PyQtDataVisualization-Qt5

v5.15.19 safe
3.0
Low Risk

The subset of a Qt installation needed by PyQtDataVisualization.

🤖 AI Analysis

Final verdict: SAFE

The package exhibits low risks across all critical areas such as network and shell execution, with no signs of obfuscation or credential harvesting. While there are minor concerns about its maintenance status, these do not rise to the level of indicating malicious activity or a supply-chain attack.

  • Low network and shell risk
  • No obfuscation or credential harvesting
  • Potential low maintenance effort
Per-check LLM notes
  • Network: No network calls suggest normal behavior for a visualization library.
  • Shell: No shell executions indicate there is no immediate risk of executing system commands.
  • Obfuscation: No obfuscation patterns detected, indicating low risk.
  • Credentials: No credential harvesting patterns detected, indicating low risk.
  • Metadata: The package shows some signs of low maintenance effort, but there's no clear evidence of malicious intent.

🔬 Heuristic Checks

Outbound Network Calls

No suspicious network call patterns found

Code Obfuscation

No obfuscation patterns detected

Shell / Subprocess Execution

No shell execution patterns detected

Credential Harvesting

No credential harvesting patterns detected

Typosquatting

No typosquatting candidates detected

Registered Email Domain

Email domain looks legitimate: riverbankcomputing.com

Suspicious Page Links

All external links appear legitimate

Git Repository History

No GitHub repository linked

  • No GitHub repository link found
Maintainer History score 4.0

2 maintainer concern(s) found

  • Author "Riverbank Computing Limited" appears to have only 1 package on PyPI (new or inactive account)
  • Package has no PyPI classifiers (low effort / metadata quality)
Known CVE Vulnerabilities

No known vulnerabilities found in OSV database.

💡 AI App Starter Prompt

Use this prompt to build a project with PyQtDataVisualization-Qt5
Create a real-time financial dashboard application using Python and the PyQtDataVisualization-Qt5 library. This application will fetch live stock market data from a public API and display it visually through various charts and graphs.

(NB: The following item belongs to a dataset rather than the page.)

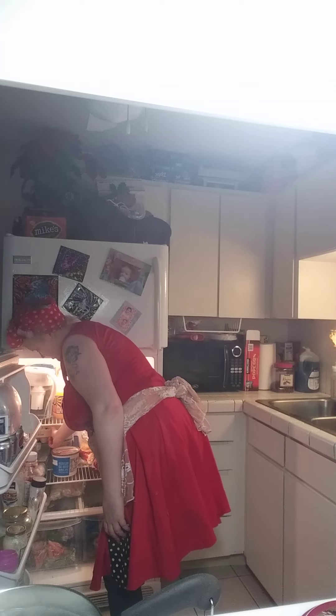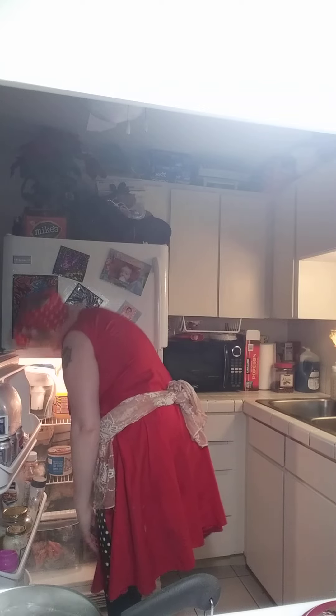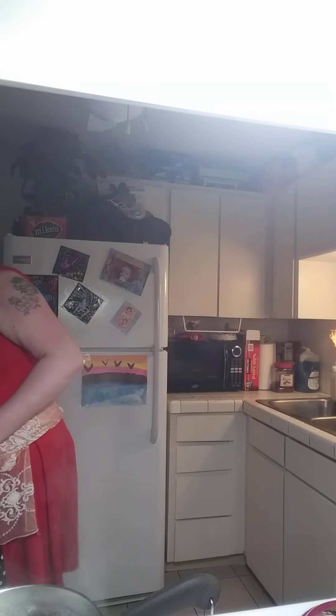Now I'm just going to go and put the rest in the fridge, which is like so messy right now. It's like wow, that looks really bad.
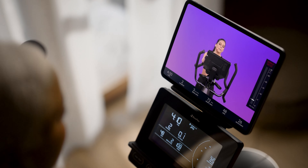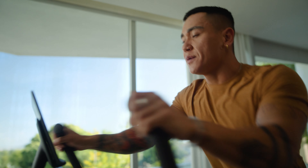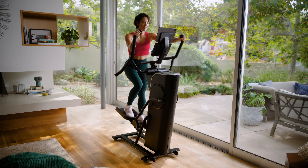Get used to your machine. Let's start moving. We're going fast today. We're going for speed to get your body moving.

The goal is to provide users with an interactive way to monitor and analyze their investments in real-time.

Steps:
1. Set up your development environment with Python, PyQtDataVisualization-Qt5, and any necessary libraries for web requests.
2. Design the user interface with a main window that includes widgets for selecting stocks, viewing charts, and displaying real-time data.
3. Implement functionality to fetch live stock prices and other relevant financial metrics from a public API such as IEX Cloud or Alpha Vantage.
4. Use PyQtDataVisualization-Qt5 to create dynamic visualizations like line charts, candlestick charts, and volume histograms to represent the stock price movements over time.
5. Add features like tooltips on hover to show detailed information about specific data points.
6. Include a feature to save chart images as PNG files for future reference.
7. Ensure the application updates the displayed data every minute to reflect the latest available information.
8. Test the application thoroughly to ensure all features work correctly and the UI remains responsive during real-time updates.

Suggested Features:
- Allow users to input multiple stock symbols and view them simultaneously.
- Implement a settings panel where users can customize chart colors and styles.
- Provide historical data comparison features to overlay different time periods on the same chart.
- Include basic technical analysis indicators such as moving averages or relative strength index (RSI).
- Offer alerts for significant changes in stock prices or trading volumes.

How PyQtDataVisualization-Qt5 is Utilized:
- The PyQtDataVisualization-Qt5 package will be primarily used to create the graphical representations of the stock data. Specifically, you'll use its charting capabilities to plot line graphs showing the evolution of stock prices, candlestick charts to illustrate opening, closing, high, and low prices over a period, and volume histograms to represent the trading volume associated with each price point. Additionally, you'll leverage PyQtDataVisualization-Qt5’s interactivity features to allow users to interact with these charts directly within the application.